So, What if the numbers can also be negative?
We can't use sliding window algorithm then. First of all we will compute prefix sum and then sort it with their respective index (sort them as {prefixL[i],i}).Then we will apply binary search on it for every index i to look for element whose index j is greater than index i and whose value is equal to prefixL[i] + K. This will take \(\cal{O}(n \cdot \log(n))\) time.
Problem
Given a list of integers L = [A1, A2, A3, …, AN]. Where Ai ∈ I , 0 ≤ i ≤ N. You have to find shortest contiguous segment in the list which adds up to a given integer K. If there are more than one such segments, print one of them.
For example,
If L = [2, 1, 10, 1, 3, -4, -2, 20, 5, 5, 5, 1, 1] and K = 17 , The answer would be {4, 7}.
Code
Let's make problem even more intresting.
Problem
Given a list of integers L = [A1, A2, A3, …, AN]. Where Ai ≥ 0 , 0 ≤ i ≤ N. You have to find pair of shortest disjoint contiguous segment in the list each adding up to a given integer K and sum of size of segment is minimum.
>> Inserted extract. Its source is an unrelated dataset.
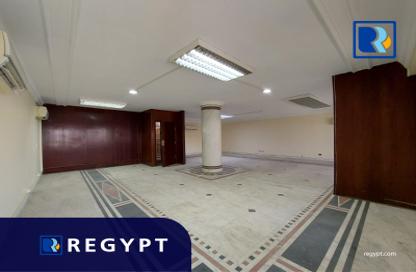 Office Space - Studio - 3 for rent in Cornish El Nile St. - Maadi - Hay El Maadi - Cairo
If there are more than one such pair of segments, print one of such pair.
For example,
If L = [2, 1, 3, 1, 4, 4, 1, 8, 1, 7] and K = 9 , The answer would be {{3, 5}, {6, 7}}.
Solution
Note that pairs of segments have to be disjoint. So, we can't simply say that the segments with least size will be the answer. Even in the given example {6, 7} and {7, 8} are two least size segments, but they have a common index which doesn't follow the condtition of being disjoint. Then, what should we do?
Let us take an index i, for each i we will find the least size segment in range [0, i] and (i, N). Doing this will ensure that the segments are disjoint. As far as searching segment in the ranges are concerned, we can find them by applying sliding window algorithm from both the sides.